TASK ITEM: Give back the full listing as written. No pictures go with it.

═════ RECORDED INFORMATION ═════

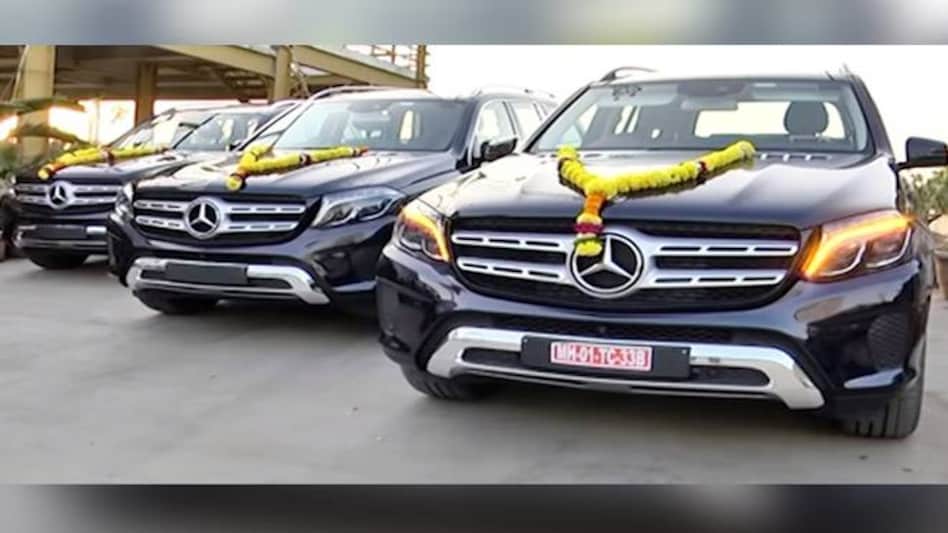 Surat diamond trader gifts Mercedes-Benz SUVs worth Rs 3 crore to employees Surat diamond trader gifts Mercedes-Benz SUVs worth Rs 3 crore to employees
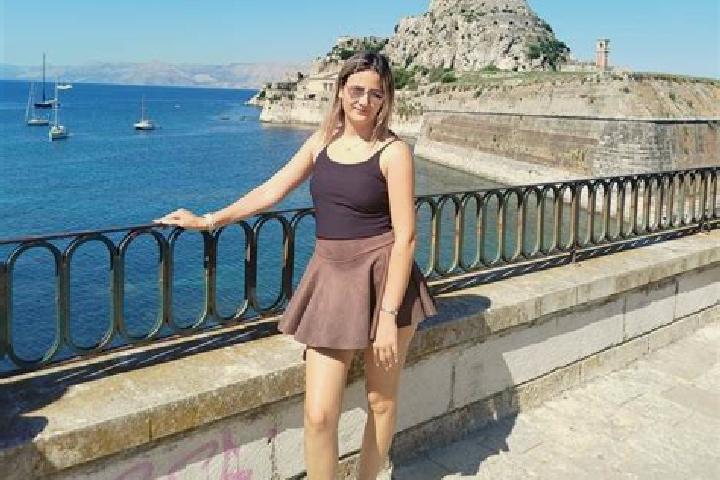 Lily, 25 — Escort in Malusteni, Romania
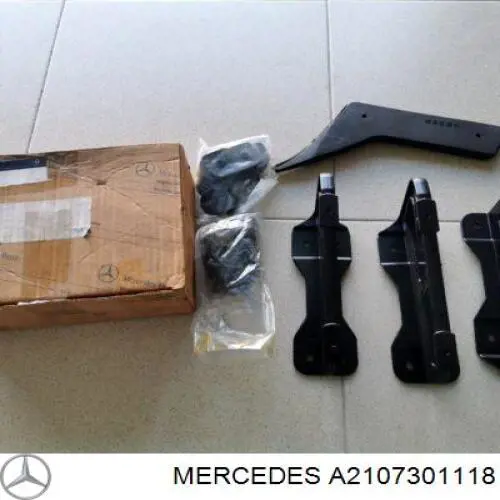 Стекло заднее левое Mercedes 2107301118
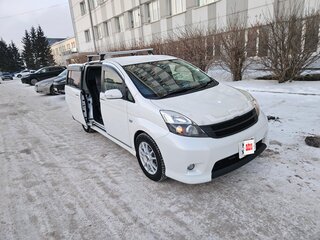 2013 Toyota ISis I Рестайлинг, белый, 1250000 рублей, вид 2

═════

ANSWER TO THIS TASK:
 Surat diamond trader gifts Mercedes-Benz SUVs worth Rs 3 crore to employees Surat diamond trader gifts Mercedes-Benz SUVs worth Rs 3 crore to employees
 Lily, 25 — Escort in Malusteni, Romania
 Стекло заднее левое Mercedes 2107301118
 2013 Toyota ISis I Рестайлинг, белый, 1250000 рублей, вид 2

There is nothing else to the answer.